### [Task statement]
From the first line to the last, copy the listing exactly and omit the pictures.

### [The data]

[Start of Attachment]

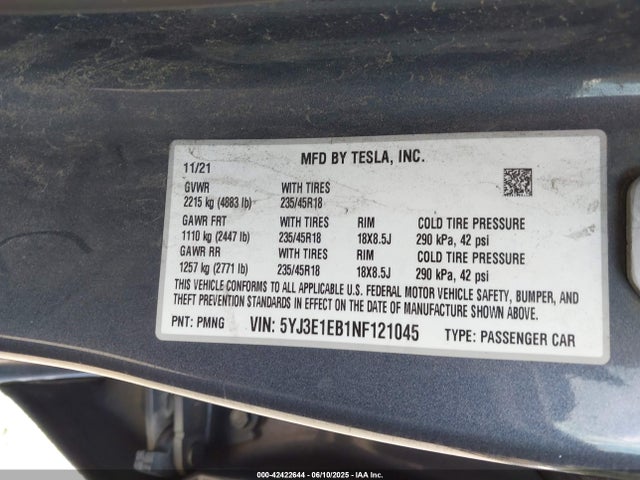 2022 TESLA MODEL 3 5YJ3E1EB1NF121045 Photo 8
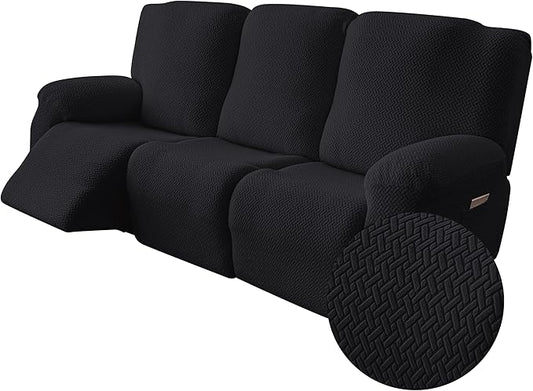 Genina Recliner Sofa Covers - Stretch Reclining Couch Covers with Stripe Jacquard - 3 Seat Cushion Slipcovers with Soft Fabric - Furniture Protector for Pet Kid (Black)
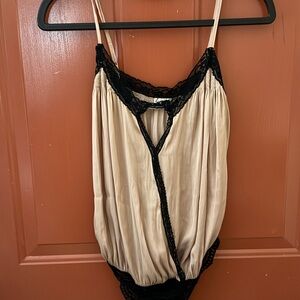 Free People Cream Slip Chemise with Black Lace Trim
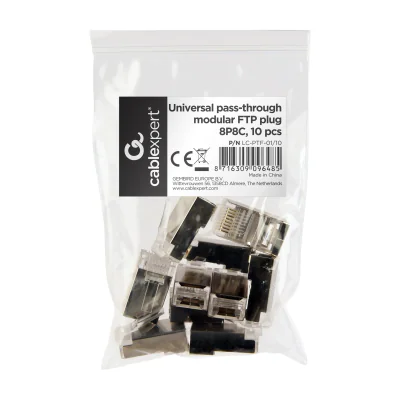 GEMBIRD LC-PTF-01/10 Universal pass-through modular FTP plug 8P8C 10pcs solid and stranded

[End of Attachment]

### [Expected output]
 2022 TESLA MODEL 3 5YJ3E1EB1NF121045 Photo 8
 Genina Recliner Sofa Covers - Stretch Reclining Couch Covers with Stripe Jacquard - 3 Seat Cushion Slipcovers with Soft Fabric - Furniture Protector for Pet Kid (Black)
 Free People Cream Slip Chemise with Black Lace Trim
 GEMBIRD LC-PTF-01/10 Universal pass-through modular FTP plug 8P8C 10pcs solid and stranded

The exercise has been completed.